A new study finds that, for every 10 people who get married, they also become registered to vote.
Researchers from the University of Toronto have analysed data from the Ontario’s 2015 census, where they found that among married black men, 11 percent register to participate in the province’s voting system, compared to only 6 percent of married white men.
In addition, only about 1 percent of black men who married a white woman registered to participate.
The study, published in the Journal of Ethnicity in Public Policy, is the first of its kind in Canada.
According to the study, the rate of black male registered voters is higher than for any other group in Ontario.
While the researchers say that this could have an impact on how the province handles registration, they say it is unlikely that the current registration rate is reflective of actual voting behaviour among black men.
The researchers also found that, among those who married black women, those who were registered to cast ballots were about as likely as those who did not to have any voting experience.
That could mean that those who marry black women are less likely to have participated in their own voting in the past, or could mean the opposite, said the study’s lead author, Jennifer Mascaro.
“We have some of the lowest rates of voter registration among other racial/ethnic groups in Canada,” Mascaros said in a news release.
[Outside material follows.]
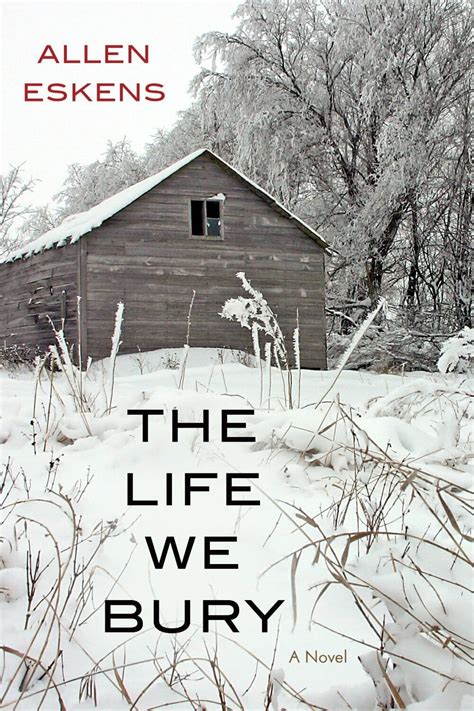 Allen Eskens Discusses His Edgar Nominated Novel The Life We Bury Terry Ambrose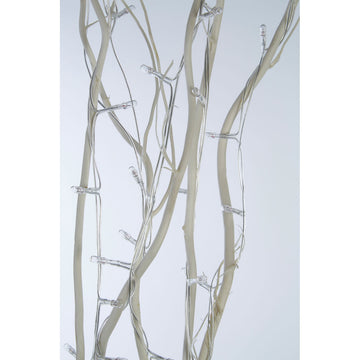 120cm White Interwoven Branch Twig Lights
Currently, there are only about 14.8 million registered voters in Ontario, according to the Canadian Centre for Policy Alternatives.
A total of 7.3 million registered citizens in Ontario have registered to become registered voters.
One of the study authors, Michael O’Hare, said that while registering is a necessary step for all people, it should not be a requirement for marriage.
Marriage is a ceremony that is about commitment, he added.
“It’s important that people are engaged in the process,” he said.
There are a lot of benefits that a marriage provides, including income security, the right to vote, and it’s a way to connect to communities.
“It’s about bringing a community together.”
The researchers hope their research will inspire other groups in Ontario to join the fight against marriage discrimination.